When I walked in the door this was playing. It was so loud I heard it half a block away. Then I plooped down on the sofa and didn’t move till it was over.

The album wasn’t even out, yet. I think it was Linda who brought it back from San Francisco. She knew all these guys and was always ahead of everyone in all things rock and roll. (Linda was the one responsible for the Grateful Dead spending the night in my room.) A month later I was in Montreal. A friend was coming to visit from New York and I told her, go to Sam Goody’s and get me this record. (I figured it had to be out by now.) A week later people were coming by my place just to hear the album.

A couple of months after that the Mothers of Invention were in town for a two-week gig at Gary Eisenkraft’s club, the New Penelope. That was just a few doors east of the Swiss Hut where I did most of my drinking.
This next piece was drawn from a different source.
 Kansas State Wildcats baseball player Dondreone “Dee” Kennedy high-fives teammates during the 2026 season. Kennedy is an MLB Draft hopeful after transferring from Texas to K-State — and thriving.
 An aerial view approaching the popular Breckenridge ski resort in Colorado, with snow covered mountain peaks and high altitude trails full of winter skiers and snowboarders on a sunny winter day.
When the Swiss Hut hotties started getting very friendly towards me I had to wonder what made me so attractive all of a sudden. One sweetiepie in particular sat down at my table and asked, batting her eyeballs at me, so how long you guys gonna be in town? That explains it! They think I’m in the band. It was the hair.
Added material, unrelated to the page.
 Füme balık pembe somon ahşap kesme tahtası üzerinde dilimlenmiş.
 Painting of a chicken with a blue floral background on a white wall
This portrait of me, taken by Serena when she was a student at L’Ecole des Beaux-Arts, might explain some of the confusion on the part of the Swiss Hut Hotties. Long-hair on guys hadn’t come in yet, so basically in Montreal it was me, Armand Vaillancourt, and the Mothers of Invention. I wasn’t going around with a rose stuck in my teeth and could easily be mistaken by horny girls as a member of a famous U.S. American rock band.
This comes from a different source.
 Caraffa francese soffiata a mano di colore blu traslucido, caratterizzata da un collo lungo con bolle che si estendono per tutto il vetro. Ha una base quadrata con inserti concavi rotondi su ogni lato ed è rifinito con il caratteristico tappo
Of course I went to see the band. I might have gone five times. Maybe six. It’s all a blur though, by now. I hung out a bit – just a bit – with a couple of the guys including Zappa and Herb Cohen, the Mothers’ manager. Cohen’s phone number is still in my address book but probably not current. Maybe I’ll call him up. Zappa was cool, and a very nice guy, but to recall any conversations at this point I would have to reconstruct my brain as it was then and there aren’t enough drugs for that.

So that’s as close as I ever got to enjoying rockstar groupie hotelroom frolics and possible plastercasting. If I’d been a little less honest . . . or maybe . . . if I could just remember . . .


I wouldn’t have thought that “tune” would stand the test of forty years – that’s how long since I last heard it. After all, the avant garde isn’t so avant garde anymore. But I must confess it holds up well and is as subversive as ever. When you consider this was released on MGM records . . . in 1966 . . . it’s a kind of miracle.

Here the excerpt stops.